Figure 3 shows our recent measurement of the dipole moment of the ethyl radical (C₂H₅). Ethyl radicals can be generated by the pyrolysis of multiple precursors, including di-tertamyl peroxide, n-propyl nitrite, and ethyl iodide. The top zero-field spectrum in Figure 3 corresponds to the ethyl radical CH₂ symmetric stretch ro-vibrational spectrum. The simulation of the Stark spectrum (Figure 3; bottom red curve) is obtained assuming a dipole moment of 0.28(2) Debye. This measurement represents the first determination of the ethyl radical's permanent electric dipole moment.

 

Figure 3: Ro-vibrational Zero-field (top) and Stark (bottom) spectra of the CH₂ symmetric stretch of the ethyl radical. The red traces correspond to simulations. The Stark spectrum is simulated with 0.28(2) Debye dipole moments for both the ground and excited vibrational states.

We have also made progress on studies in which a reaction occurs between two radicals picked-up by a single helium droplet.
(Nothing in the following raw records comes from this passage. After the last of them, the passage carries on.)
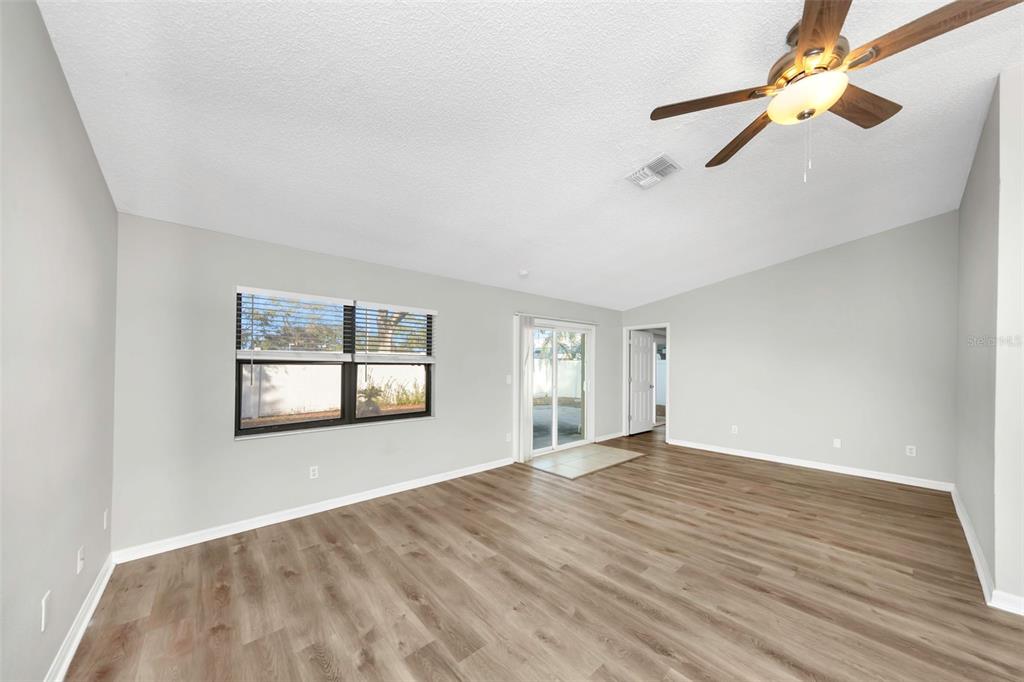 224 Whisper Lake Road Palm Harbor, FL 34683 - Photo 5 of 23 a view of empty room with wooden floor and fan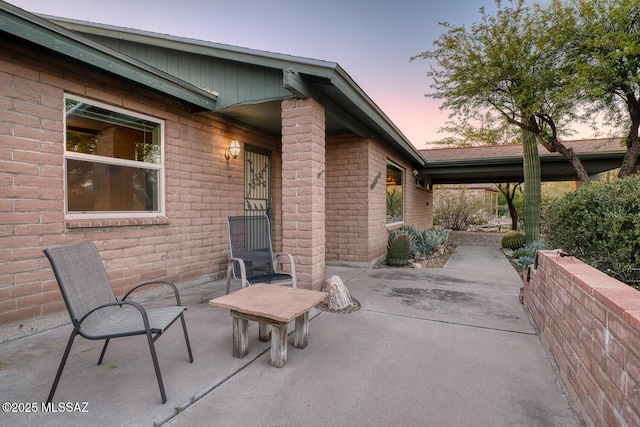 view of patio terrace at dusk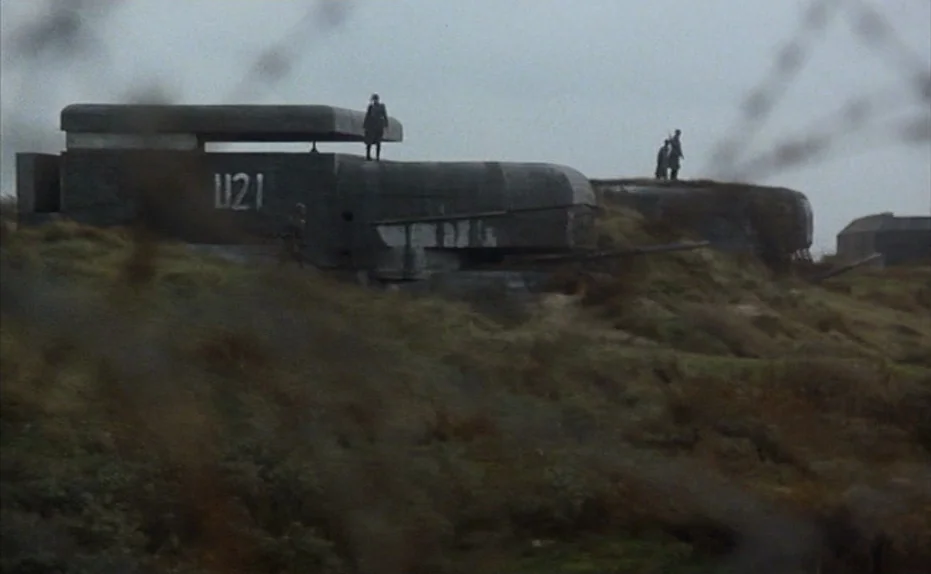 Soldier of Orange (1977) movie still: wide — A set of heavy concrete bunkers sits on a grassy, wind-swept coastal ridge. Three soldiers stand atop…
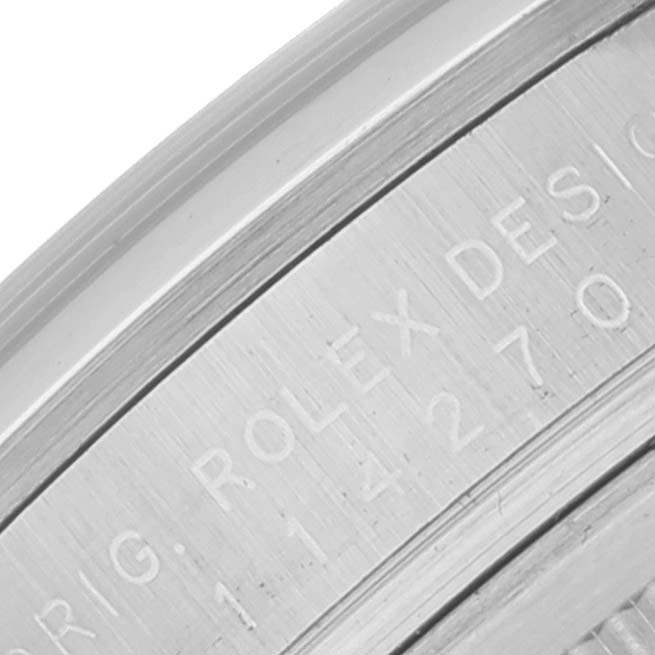 The image shows a close-up of the engraved inner bezel of a Rolex Explorer 114270 Men
s Stainless Steel Black Dial 114270 Men
s Stainless Steel Black Dial watch.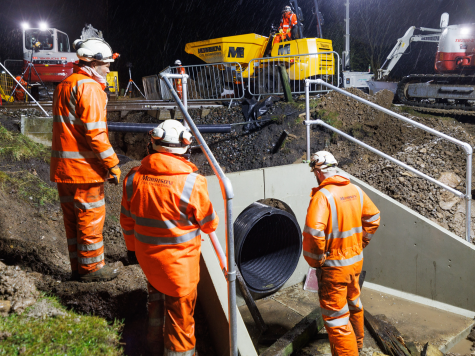 3 men wearing hi-viz looking at pipe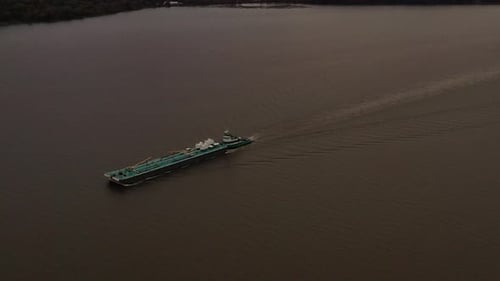aerial shot over a turqiuse colored barge & tugboat on the Hudson River on a cloudy evening in Beaco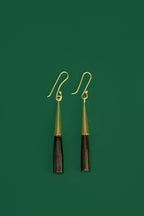 Pair of earrings with black and gold cylindrical design on a green background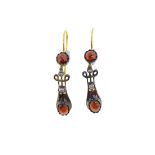 A pair of garnet ear pendants in the Edwardian style,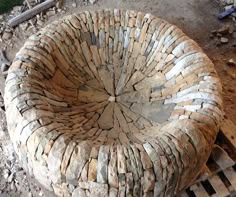 a stone chair sitting on top of a pile of rubble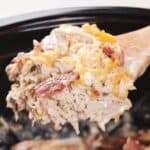 A wooden spoon scooping out cheesy chicken and bacon from a slow cooker.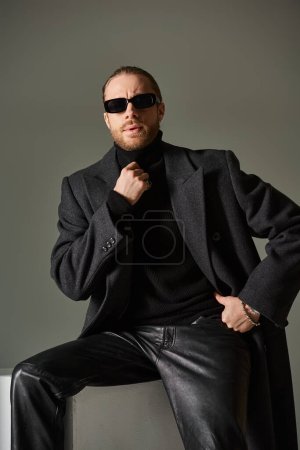 portrait of fashionable model in trendy sunglasses and coat sitting on white cube on grey backdrop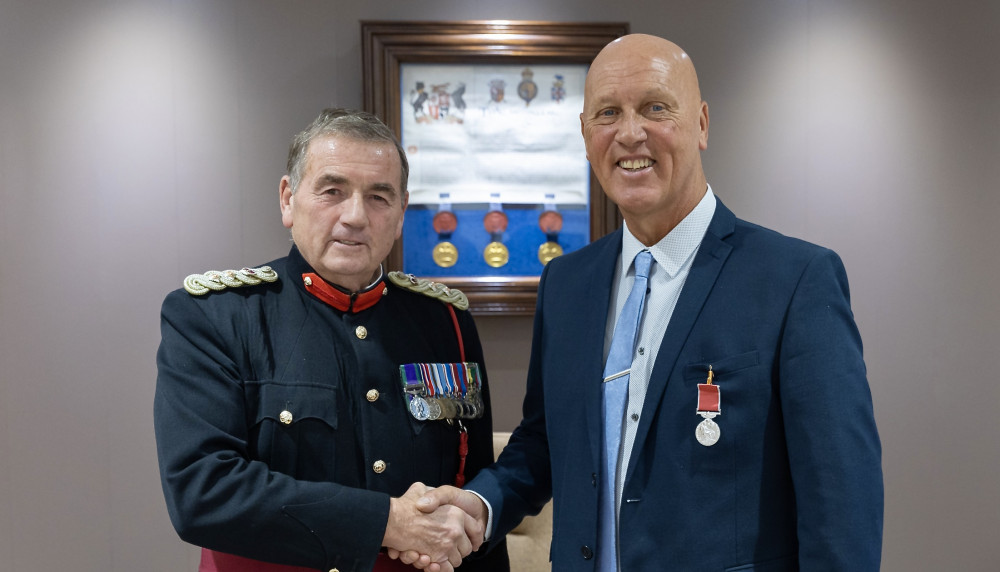 Vice Lord-Lieutenant of Leicestershire, Colonel Murray Colville presents the BEM to Mark Storer from Coalville. Photo: Leicestershire County Council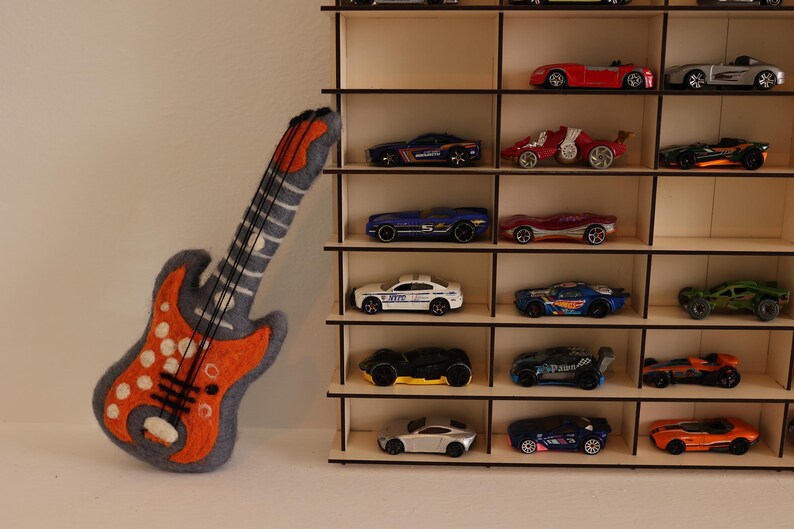 May include: A wooden shelf unit with multiple shelves, each holding a different toy car. The cars are in various colors, including red, blue, green, and black. A felt orange and gray electric guitar is leaning against the shelf unit.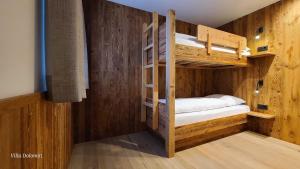 Cama ou camas em um quarto em Villa Dolomiti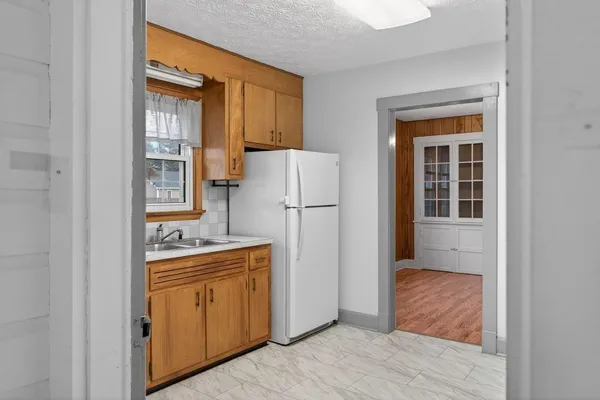 a kitchen with stainless steel appliances a stove a refrigerator and cabinets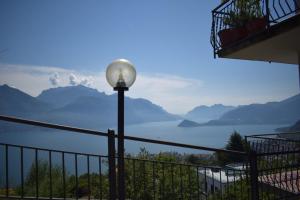 a street light with a view of the water and mountains at Landscapesilvia Acqua in Menaggio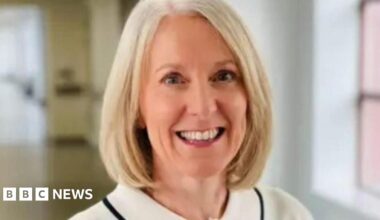 A woman wearing a light-coloured blouse with a black trim and a single dark button, standing indoors in a bright hallway with large windows.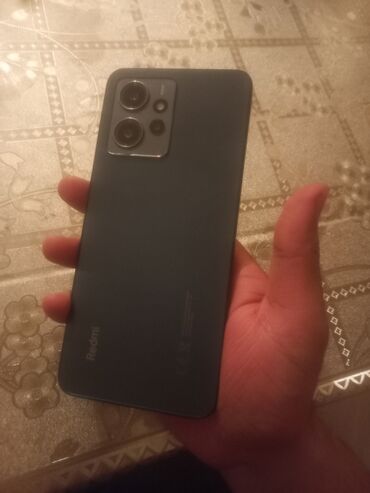 islenmis telefonlar qiymetleri: Xiaomi Redmi Note 12, 128 ГБ, цвет - Синий, 
 Отпечаток пальца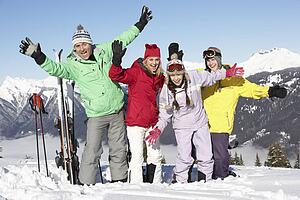 Teenage Family On Ski Holiday In Mountains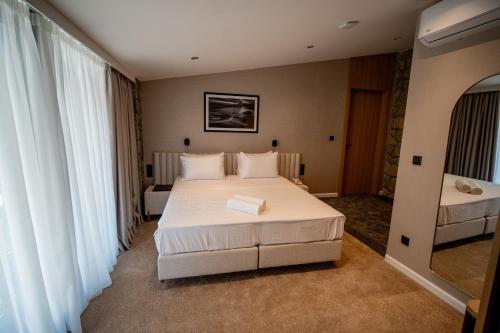 a bedroom with a large white bed and windows at Hotel Aria in Podgorica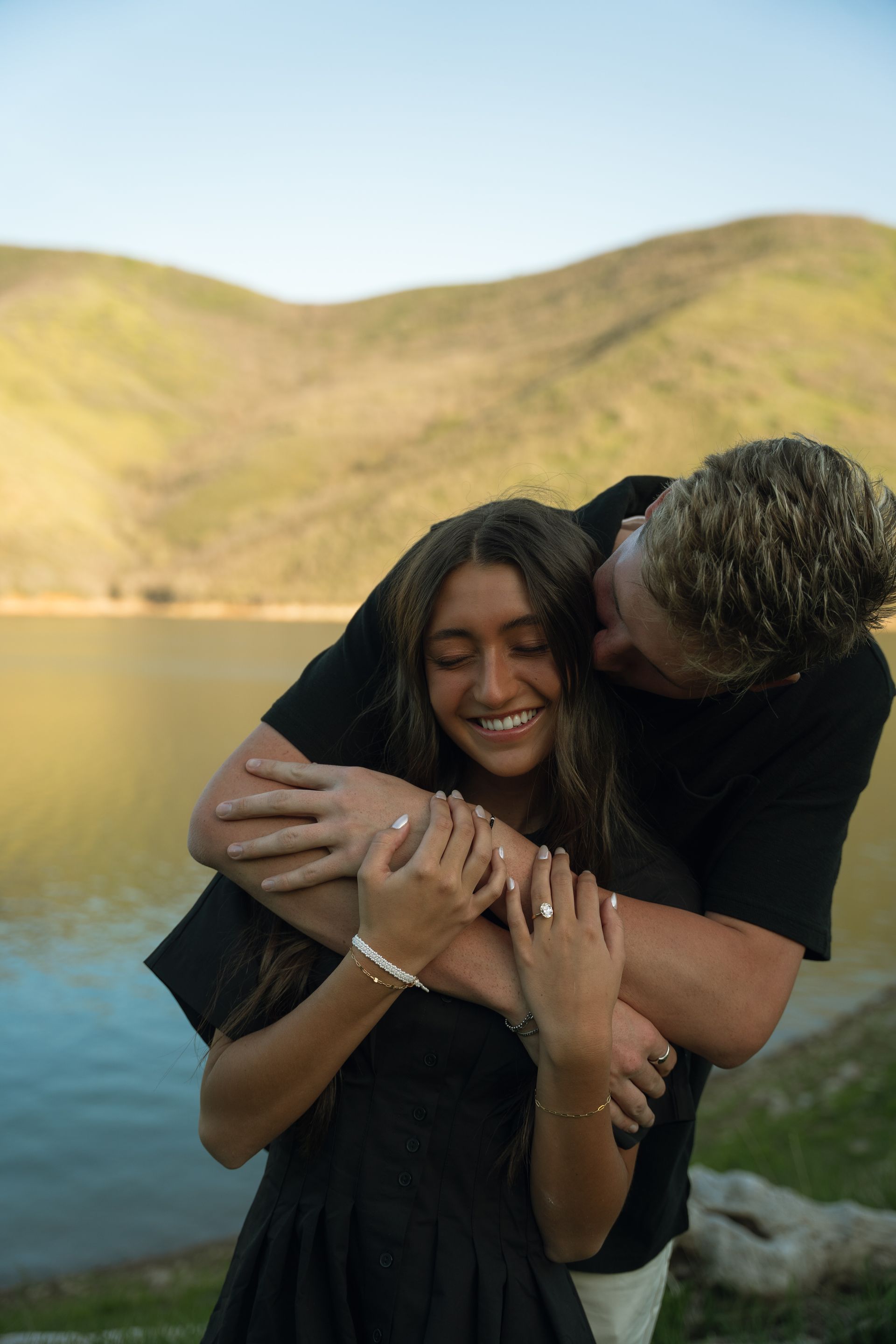 A man is hugging a woman in front of a lake.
Of particular interest is the reaction between resonantly stabilized free radicals (RSFRs), such as the propargyl (C₃H₃) and allyl (C₃H₅) radicals, with O₂. Unlike alkyl + O₂ reactions, quantum chemistry predicts barriers of ~1-4 kcal/mol in the entrance channels of the C₃H₃ + O₂ and C₃H₅ + O₂ reactions. Upon forming the C-O bond, the resonance stabilization energy in these hydrocarbon radicals (~8-9 kcal/mol) must be broken, hence the presence of the small entrance channel barrier. It is therefore interesting to consider the condensation of C₃H₃ and O₂ within a helium droplet. From previous helium droplet work, we expect to observe the metastable entrance channel C₃H₃-O₂ van-der-Waals complex.

However, upon introducing single O₂ molecules to droplets containing single propargyl radicals, we find no evidence for the formation of a weakly bound C₃H₃-O₂ van-der-Waals complex. Instead, we find a band in the spectrum that can be assigned to the propargyl peroxy radical (Figure 4), an intermediate on the C₃H₃-O₂ potential surface, which is about 20 kcal/mol downhill from the entrance channel. This result suggests that the barrier height may be overestimated by the single reference ab initio calculations for this system.  Indeed, it has been shown that the transition state region of the potential surface exhibits strong multi-reference character. We are continuing this study and plan to conduct multi-reference ab initio calculations of the entrance channel valley of the C₃H₃-O₂ potential surface.